Une étude du Lancet Public Health place Singapour en tête pour l'espérance de vie, mais avec un revers net: de longues années vécues en mauvaise santé.
En bref
- Singapour vit le plus longtemps
- Mais la fin de vie y est souvent malade
- L’écart s’élargit presque partout
Gagner presque vingt ans d’espérance de vie en une génération, c’est considérable. Mais si une part croissante de ce temps se passe avec des douleurs, des troubles chroniques ou des limitations, le progrès change de visage.
Des années gagnées, pas forcément en bonne forme
L’étude publiée dans The Lancet Public Health a estimé les trajectoires de 204 pays avec des données de 2023. Elle montre que l’espérance de vie mondiale est passée de 64,6 ans en 1990 à 73,8 ans en 2023. Le souci, c’est que l’espérance de vie en bonne santé n’a pas suivi au même rythme. Résultat, les adultes passent désormais environ une année sur sept en mauvaise santé.

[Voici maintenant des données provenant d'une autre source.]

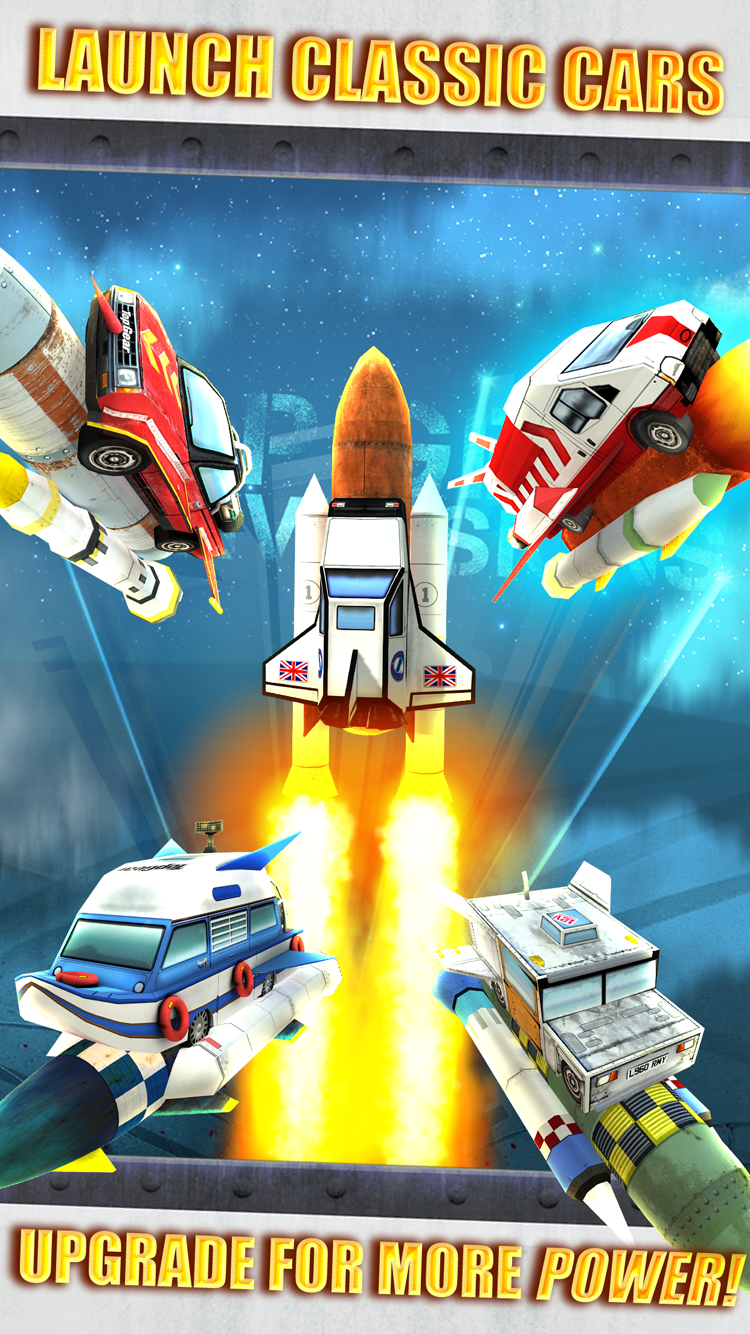 Top Gear: Rocket Robin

Les chercheurs parlent d’un écart de morbidité, c’est-à-dire la distance entre les années vécues tout court et celles vécues en bon état de santé.
Le record de Singapour a un revers très concret
À Singapour, ce contraste saute aux yeux. Le pays affiche l’espérance de vie la plus élevée au monde, au-delà de 85 ans en moyenne. Mais les habitants y passent aussi les 11,2 dernières années de leur vie avec une santé dégradée.

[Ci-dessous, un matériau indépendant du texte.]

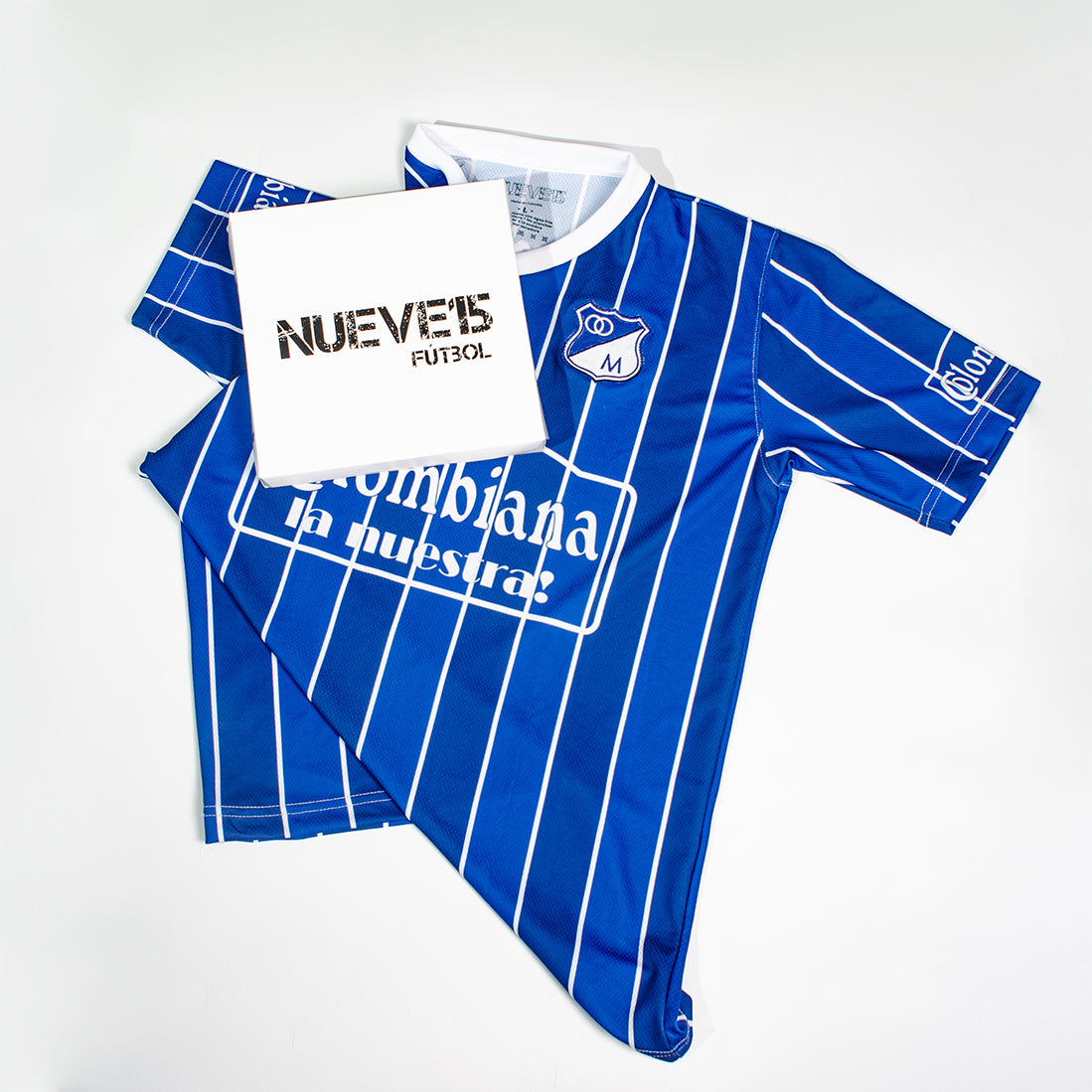 Camiseta Millonarios 1987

Marie Ng, de la Yong Loo Lin School of Medicine à la National University of Singapore, explique que cette longévité ne tient pas à un facteur unique. Elle évoque des politiques menées sur le long terme, un système de soins solide, une protection sociale robuste et une gouvernance appuyée sur les preuves. C’est précisément ce qui rend le paradoxe intéressant: on peut très bien réussir à faire vivre plus longtemps, sans réussir autant à faire vivre mieux.

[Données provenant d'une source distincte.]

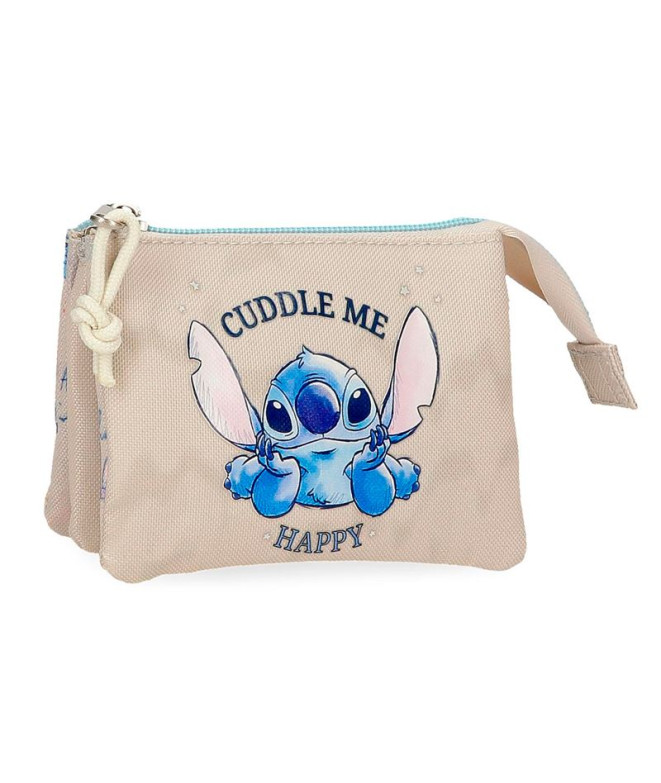 Trousse Porte-monnaie Disney 3C. Stitch Cuddle...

Femmes et hommes, un écart qui ne raconte pas la même chose
À l’échelle mondiale, les femmes vivent plus longtemps que les hommes. Mais elles passent aussi davantage d’années en mauvaise santé, avec un écart moyen de 12,1 ans contre 9,3 ans pour les hommes.
À Singapour, l’écart est encore plus marqué. Les femmes n’y vivent que 4,4 ans de plus que les hommes, mais elles cumulent 21,1 années de mauvaise santé, contre 10,4 pour eux. Julian Mutz, du King’s College London, rappelle que ce paradoxe est connu de longue date et encore mal expliqué.
Douleurs, diabète, chutes: ce qui pèse sur la fin de vie
Ce sont surtout les troubles musculosquelettiques, les maladies non transmissibles comme le diabète, l’hypertension ou les maladies cardiaques, les blessures liées notamment aux chutes, les troubles mentaux et les atteintes des organes des sens, comme la perte d’audition, qui creusent cet écart. À eux seuls, ces groupes de pathologies représentent 57,4% du phénomène mondial.
Pour Simon Jones, du Centre for Musculoskeletal Ageing de l’University of Birmingham, le poids des troubles musculosquelettiques est le signal le plus fort. Et il est parlant pour vous comme pour les proches: plus d’années de vie peut aussi vouloir dire plus d’années à gérer un mal de dos, une dépression, un trouble neurologique ou un diabète.
L’étude note aussi que cet écart se creuse dans 203 pays sur 204, seule la Palestine faisant exception. Les États-Unis arrivent en tête des années vécues en mauvaise santé, devant l’Australie et le Canada. Bon, le message est simple: la réussite sanitaire ne se mesure plus seulement à la durée de vie, mais à la qualité réelle de ces années en plus.